What ensues is a rollicking, genre-bending road trip with shades of Thelma & Louise and Fast & Furious. More than anything, Unpregnant feels like a funny hangout movie, but it focuses its humor on the outrageous measures often required in order to terminate a pregnancy. And when we finally get to the procedure itself — in a departure from the majority of films that deal with abortion, which are rife with inaccuracies — Unpregnant shows what happens when someone gets an abortion, clearly and scrupulously.
The Cut spoke to director Rachel Lee Goldenberg about her own experience with abortion, and why it was important to her to make a film that treats it not only as ordinary and essential, but normal.
Are reproductive rights and access to abortion something you’ve always been interested in?
It’s become really important to me. I had an abortion years ago and didn’t talk about it, and never questioned the decision not to talk about it. In the past few years I had the realization that that was its own political choice. So I made it my mission to start talking about it, and seeing what I could do to normalize and destigmatize it, because it was a right that I was really grateful to have.
Unfortunately, it’s still sort of radical to use comedy as a vehicle to discuss abortion. Was it difficult to toe that line?
The comedy in the film comes from two main places. It comes from the odd-couple dynamic between Haley [Veronica] and Barbie [Bailey.] And the other main source of comedy is how difficult it is for Veronica to get the abortion that she wants. So most of the comedy in the road trip comes from the journey that they’re taking, and it’s using a comedic lens to say, Why is this so hard?
Were you inspired by other onscreen representations of abortion?

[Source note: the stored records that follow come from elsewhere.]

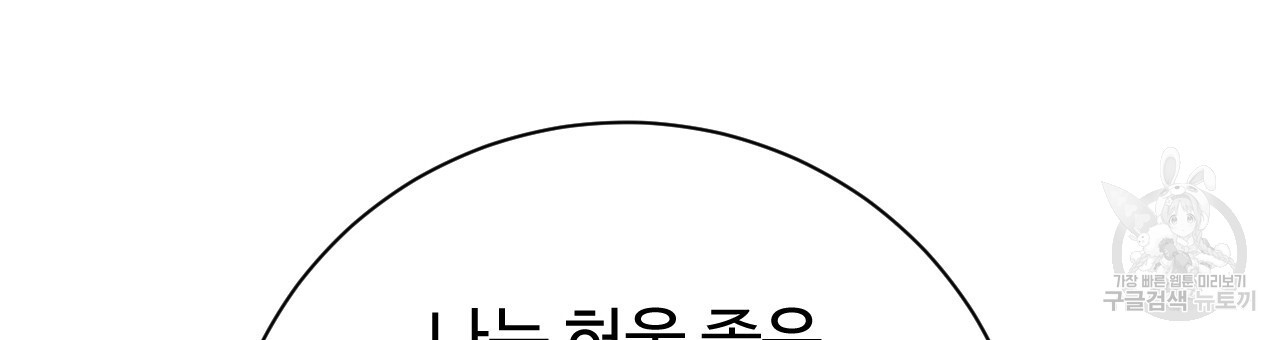 오직 그대의 안녕을 위하여 28화 - 웹툰 이미지 230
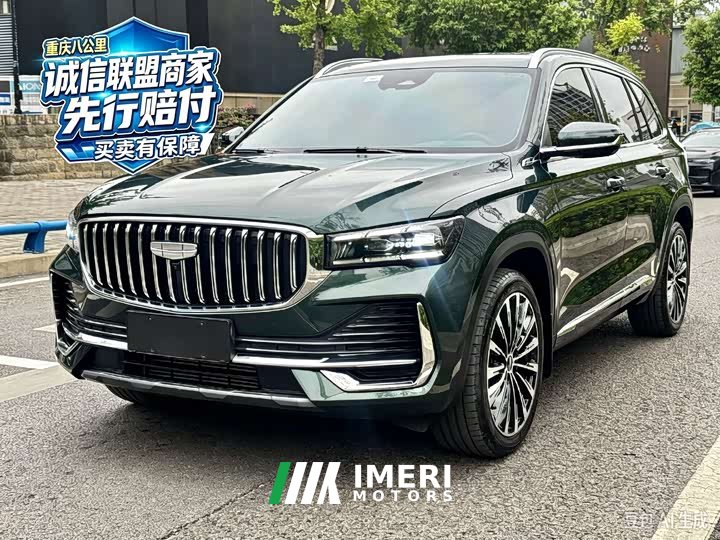 Geely Xingyue L Oriental Radiance 2.0TD Automatic AWD Moonlight Edition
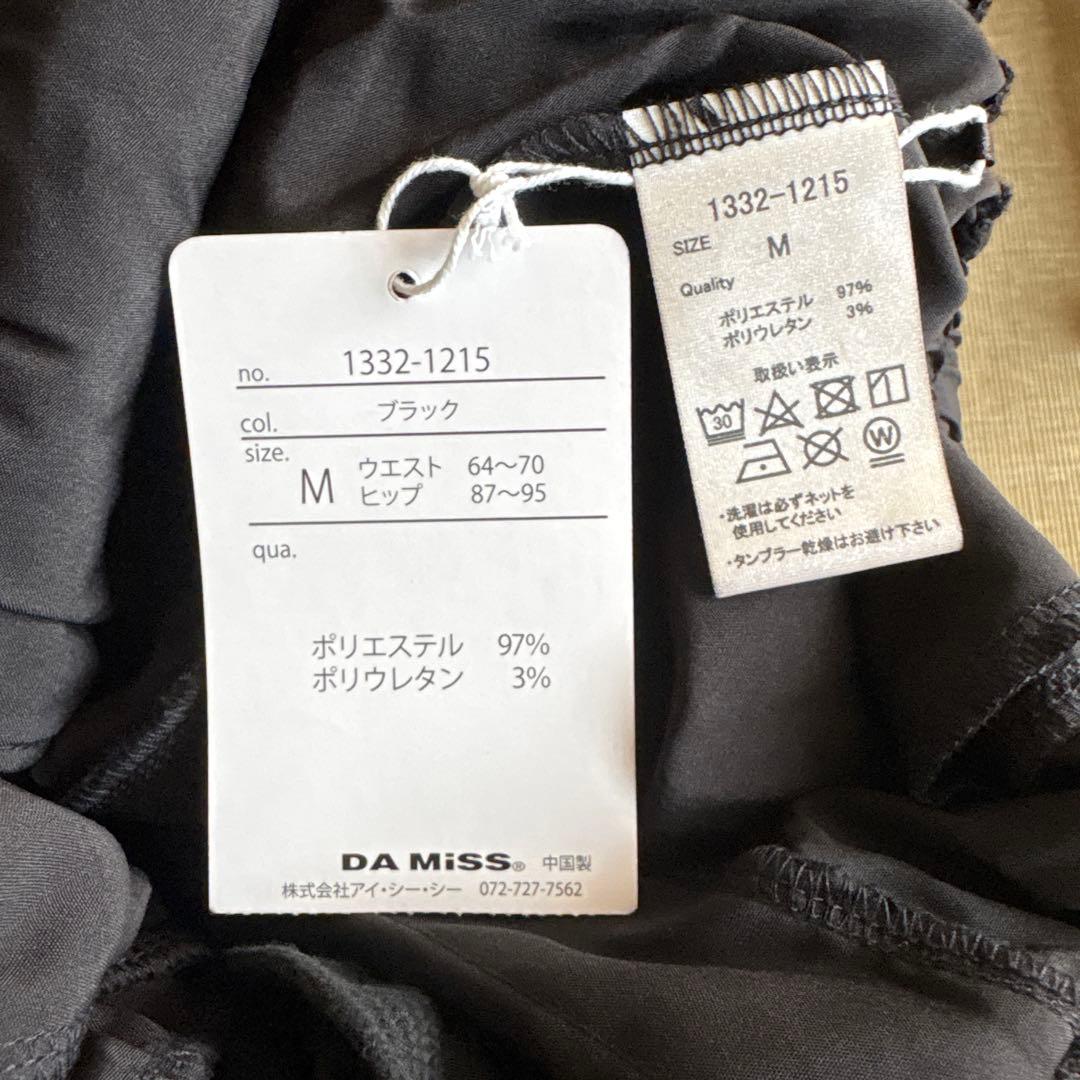DA MISS カーゴパンツ新品未使用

I’m glad so many movies lately have been tackling abortion. I’m grateful for it in all its forms. My preference would be that the whole idea of “abortion movies” was obsolete because access is easy and safe and available to everyone. But our references were everything: Thelma & Louise to Planes, Trains and Automobiles to Get Out to Fast & Furious.
So you weren’t even really looking to so-called abortion movies.
Yeah. We modeled Veronica’s costume journey after Thelma’s. She had such a great arc of sort of going from hyperfeminine clothes to building a sort of tougher look. And when writing and directing a certain sequence [in which pro-life activists kidnap the protagonists] we relied heavily on Get Out.
I really loved how you showed the process of getting an abortion at the end, in the Planned Parenthood, just how it goes down and how chill it is.
In terms of how we present abortion in the film, Veronica’s experience was such that the abortion itself was something that she was relieved to finally be able to get. That’s the point. I myself actually used the abortion pill — but for me it wasn’t a traumatic experience. It was an experience I was really grateful for.
I’m proud to be working on a project that will hopefully help destigmatize and normalize abortion. The majority of Americans support Roe v. Wade, and one in four people who can get pregnant will have an abortion in their lifetime. Everyone knows and loves someone who’s had an abortion. I’m proud to be bringing this movie to people about a topic that I think should be talked about more in the light.